History of Native Americans in Yellowstone
The earliest visitors to Yellowstone were Native Americans – Clovis peoples – who came here to quarry the excellent obsidian to make arrowheads, spear points, scrapers, awls and similar tools. They also hunted the wildlife for food, clothing and tools. A site on Yellowstone Lake has been dated to 9,350 years ago, and the tools found there had traces of blood on them from bighorn sheep, rabbits and other game.
Twenty six Native American nations have a history in the Yellowstone area. Some of them, such as Blackfeet, Crow and Sheepeater, were using what became Yellowstone Park when John Colter became the first Euro-American to explore the park in 1807-1808 (he did it alone in winter).
The Early Mountain men of Yellowstone
Colter’s stories of steaming, sulphury hotpots gave Yellowstone the early name of “Colter’s Hell.” His actual route through Yellowstone remains unclear, but Colter began the revealing of Yellowstone to the outside world. He was soon followed by mountain men like Osborne Russell, whose book “Journal of a Trapper” is a classic of Mountain Man days. Trappers came in search of abundant beaver and other wildlife which they trapped for their furs. These rambling trappers left few reliable records of their travels since they wanted to keep the best trapping locations to themselves.
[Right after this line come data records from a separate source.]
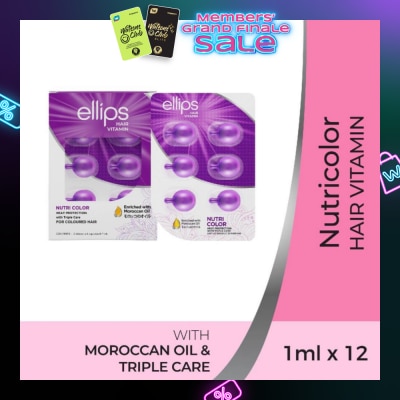 ELLIPS Hair Vitamins Nutricolor (Protect Against Sun Damage & Restore Shine To Coloured Hair) 12s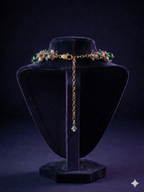 Emerald Pumpkin Drop Beaded Collar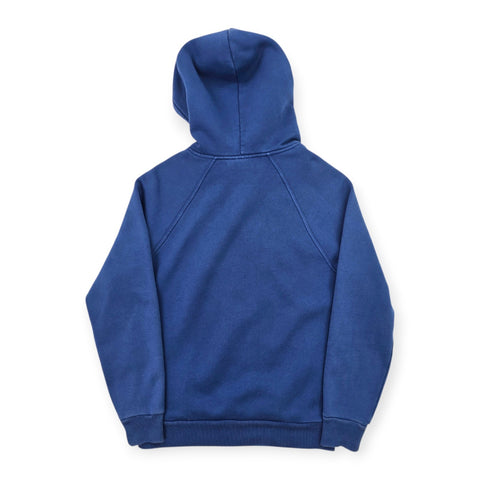 Burberry London Spellout Pullover Hoodie Blue Men's Medium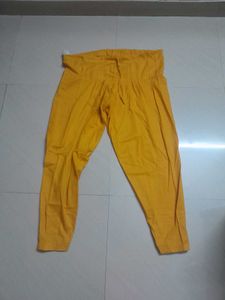 Orange Kurta Set with Yellow Dupatta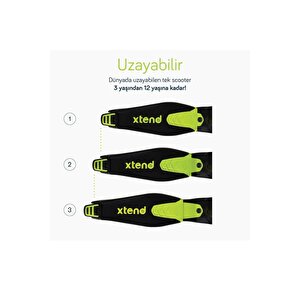 Smartrike Xtend Büyüyebilen Ride On Scooter (12 Ay - 12 Yaş) - Lime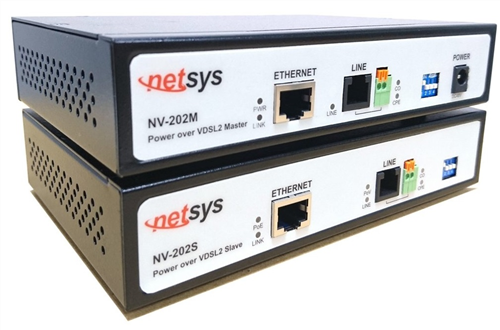 Ethernet Extender Kit, with PoE over single twisted pair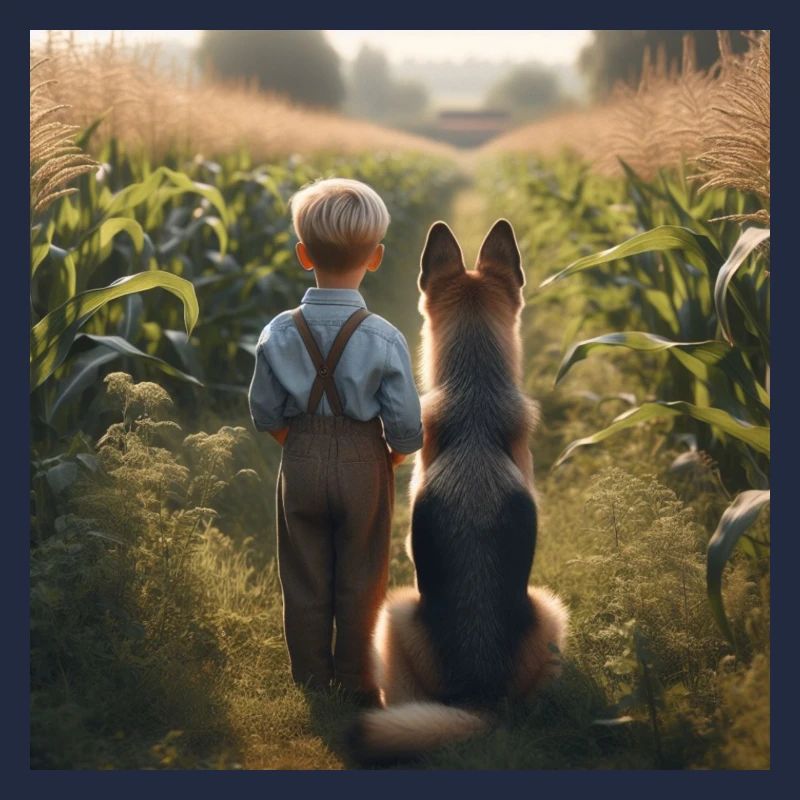 Deutscher Schäferhund Kunst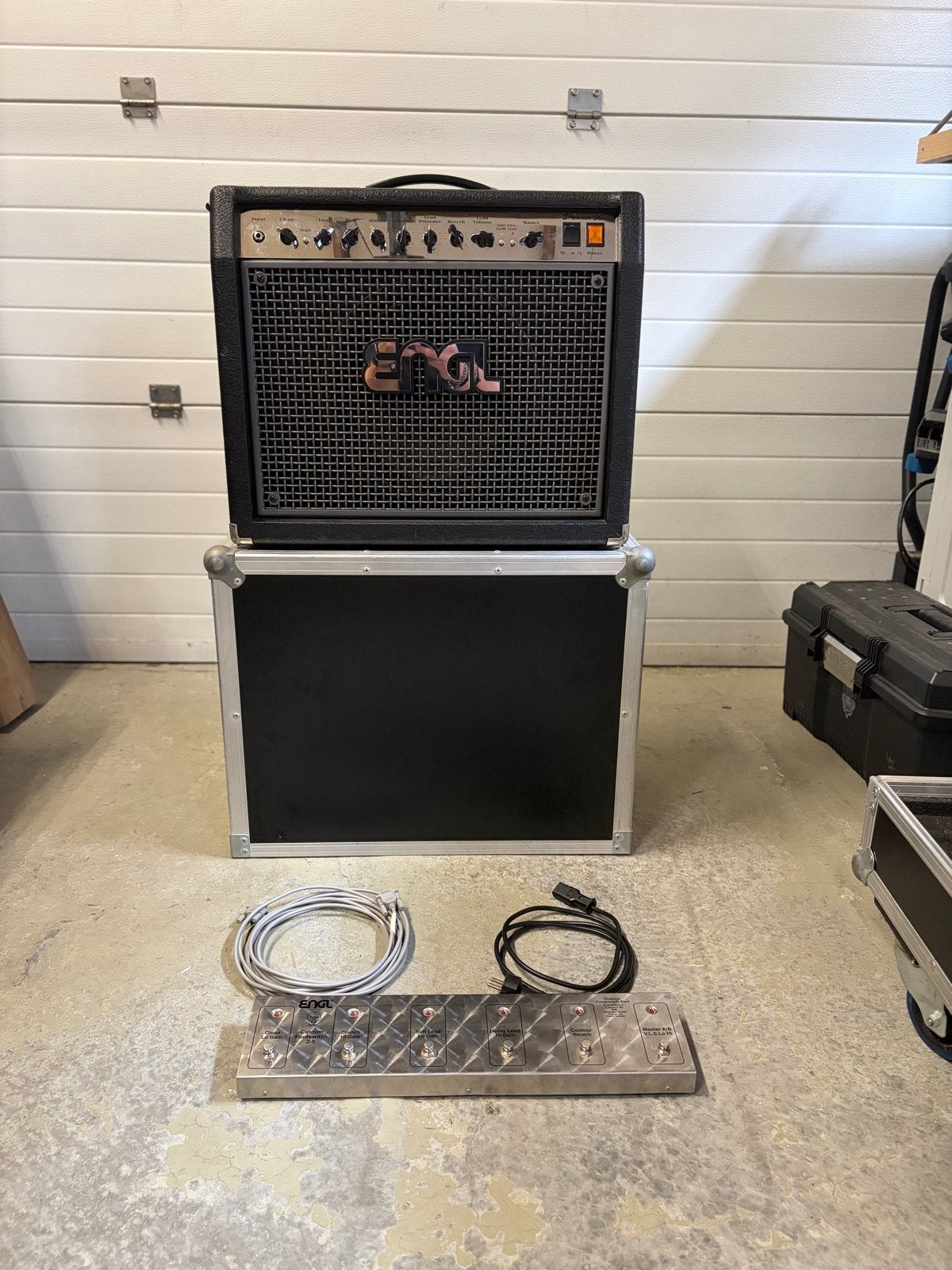 ENGL screamer 50 Watt met z5 Footswitch en Flightcase, Ophalen, Gebruikt, Gitaar, Minder dan 50 watt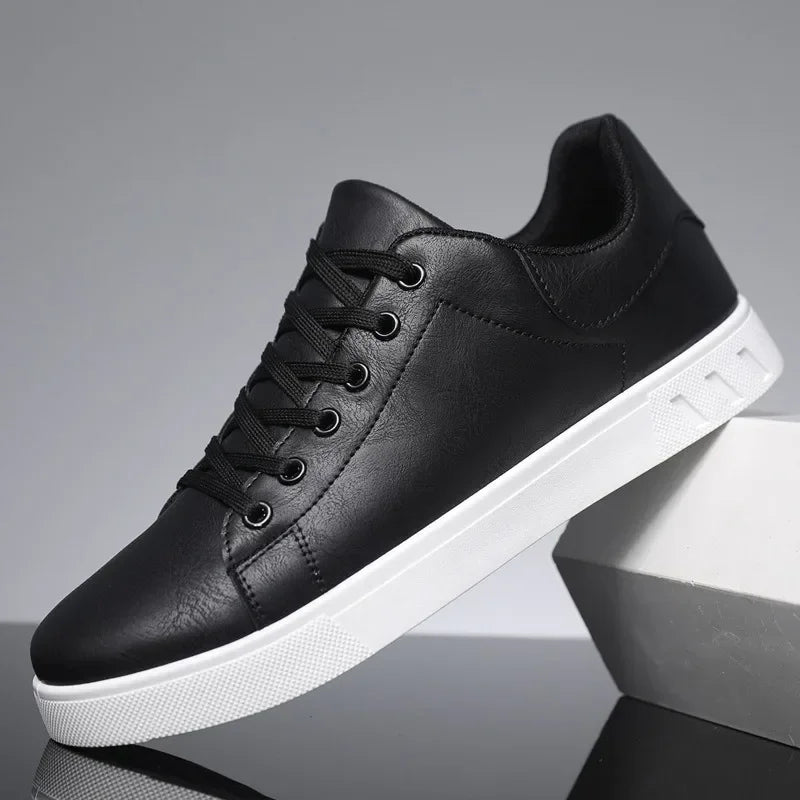 Casual Shoes Loafers British Leather Sneakers Flats Shoes Classic Men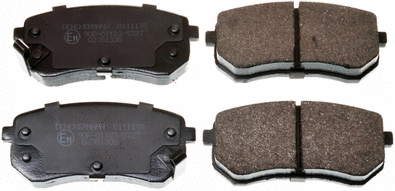 Brake Pad Set, disc brake (B111178)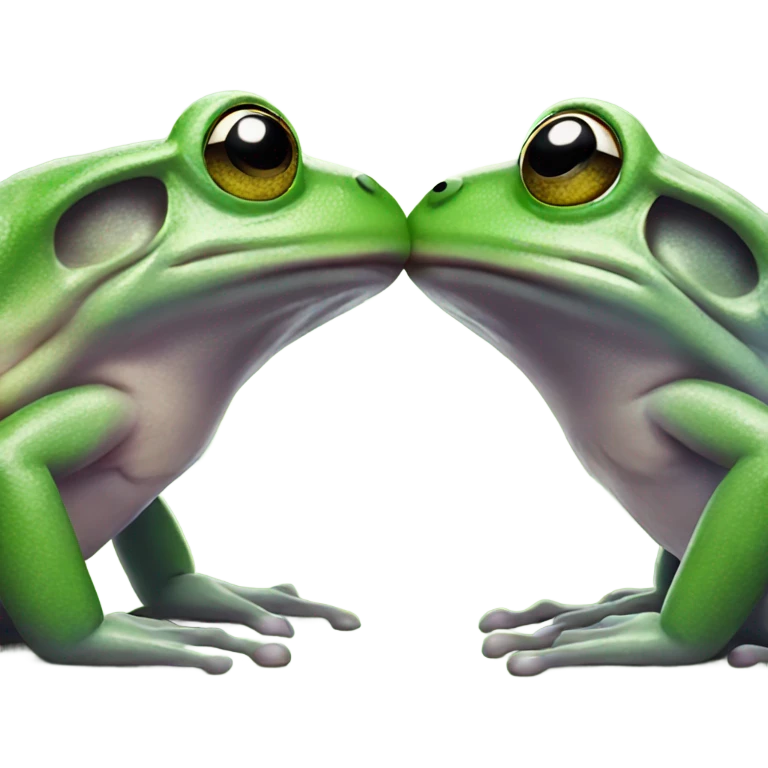 Frogs making out emoji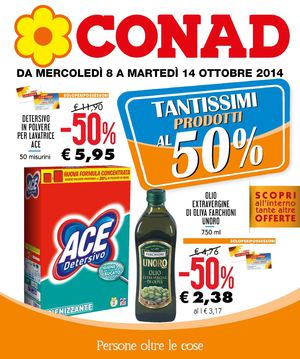 Volantino Conad Puglia e Basilicata 8-14 ottobre 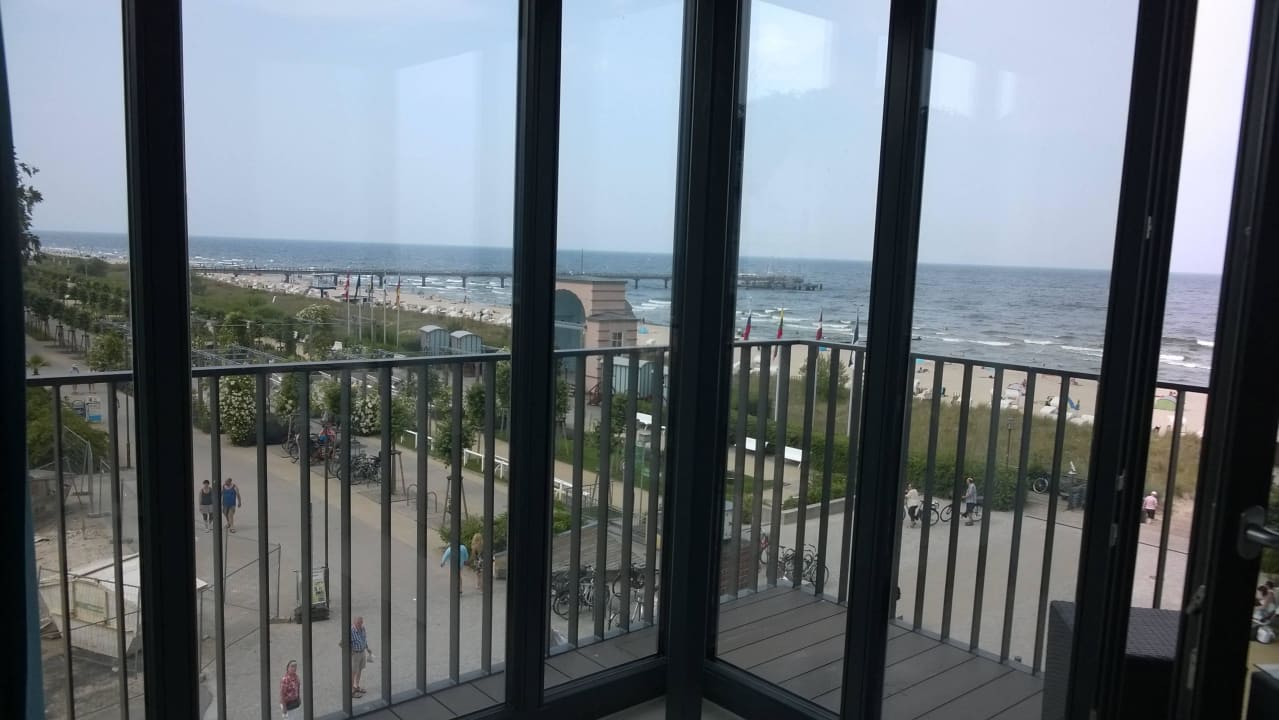 Eckzimmer - super Meerblick  SEETELHOTEL Kaiserstrand Beachhotel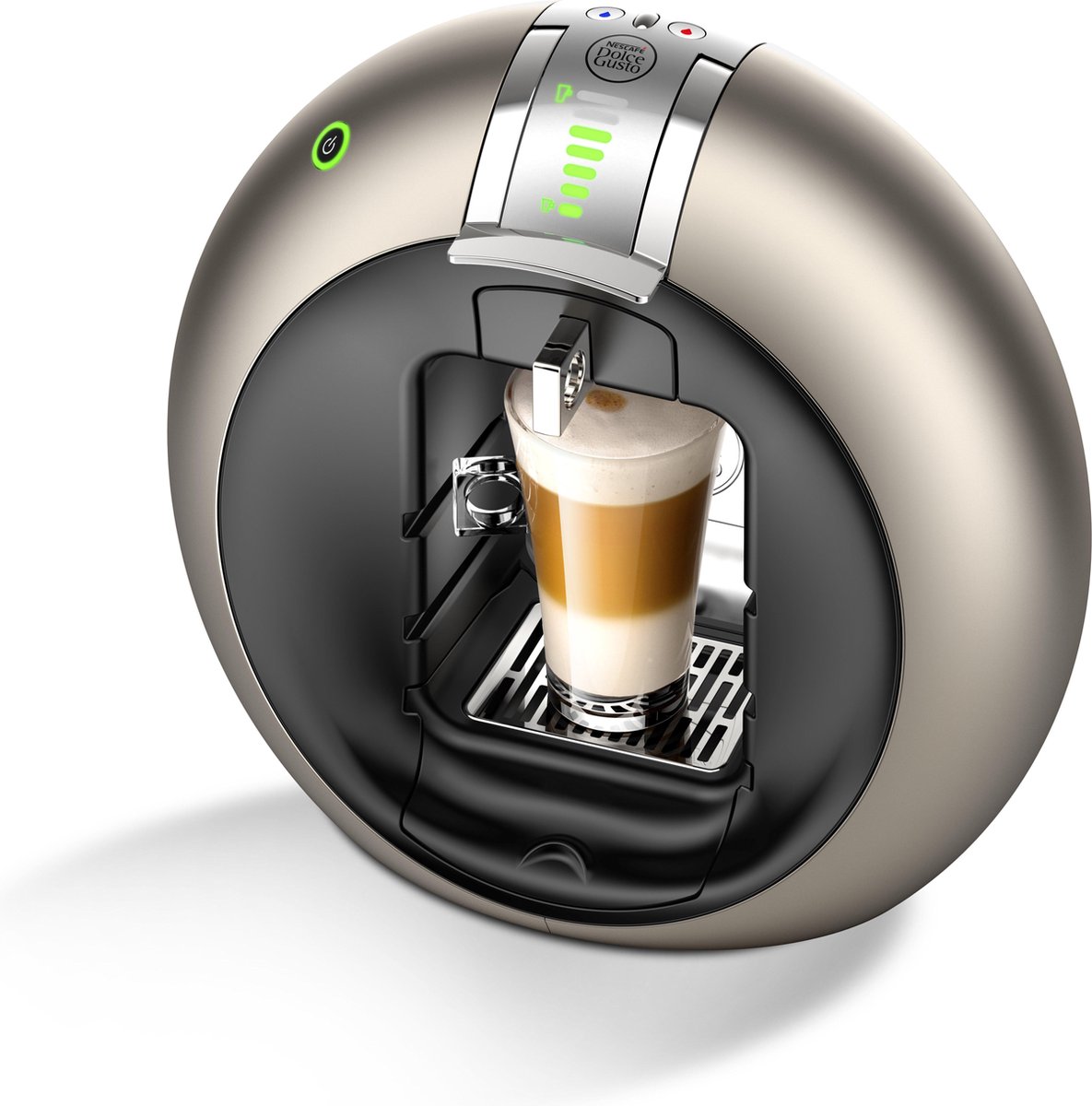 kopen kook een maaltijd Pelagisch NESCAFÉ Dolce Gusto Circolo Automatische Koffie Machine Titanium door Krups  | bol.com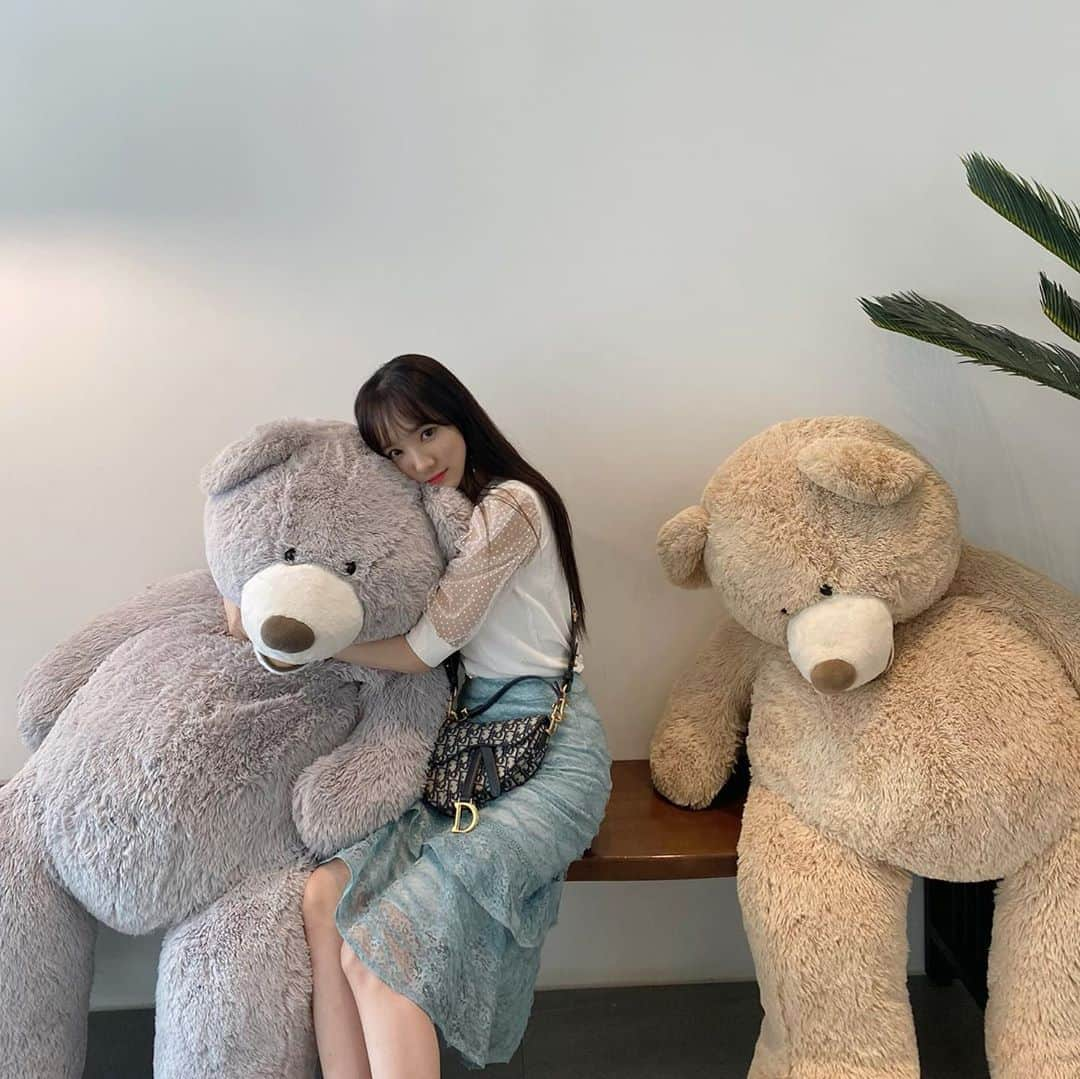 ミンヒ さんのインスタグラム写真 - (ミンヒ Instagram)「🐼😙🐻」6月24日 7時41分 - juminhee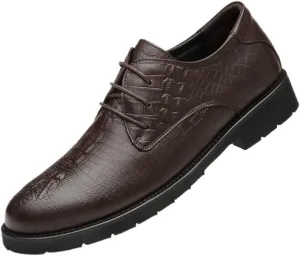 Comfortable Casual Business Oxford Shoes - Genuine Leather Lace Up Dress Shoes for Men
Jim Bridger was a successful trapper and mountain man who was infamous for his “tall tales.” He loved entertaining greenhorns and city slickers with made-up stories of the mysterious Yellowstone country. Many of Bridger’s stories had a kernel of truth. He talked of a river where you could catch a fish and it would be cooked by the hot water on the surface by the time you landed it. He spoke of a “cursed” mountainside where all the animals and plants, and even the air and birdsong, were turned to stone. Today we can recognize reference to the Firehole River (it is warm from hot springs) and Specimen Ridge (petrified tree stumps and logs everywhere).
Enough surprising stories emerged from the Yellowstone area – immense waterfalls, a gigantic shimmering lake high in the mountains, great fountains of hot water jetting out of the ground – that Montana settlers finally organized an expedition in 1869. Led by Folsom, Cooke and Peterson, respectable businessmen, this trip led to more ambitious expeditions in 1870 and 1871, and Yellowstone was finally revealed for the wonderland that is. By 1872 it was protected as the world’s first national park.
1877 Brought War to Yellowstone
In 1877, war came to Yellowstone when the Nez Perce Indians arrived en masse, pursued by the US Cavalry. While it was a short lived war there were indeed casualties. Two tourists were shot and killed by the Nez Perce. Another, George Cowan, was shot three times and left for dead, his family kidnapped and all his horses and supplies stolen. Cowan was a tough Montanan, and survived his ordeal by crawling several miles to get help. He found the remains of their camp and managed to build a fire and brew coffee from dregs they had spilled while camping. Cowan was rescued by the Cavalry and later reunited with his wife, Emma. He turned a bullet that had flattened against his skull into a watch fob.
Yellowstone Becomes A Tourist Destination
The early tourists to Yellowstone were a hardy lot, traveling long miles on rough, dusty, muddy trails by horseback or stagecoach. Stagecoach robberies were a frequent occurrence. The so-called Merry Bandit staged one of the last such hold ups at Shoshone Point between Old Faithful and West Thumb in 1914. Edward Trafton, his real name, held up 15 stagecoaches in succession and initially escaped with a haul of money and jewelry. Trafton was later apprehended when his own wife turned him in as revenge for his cheating with another woman.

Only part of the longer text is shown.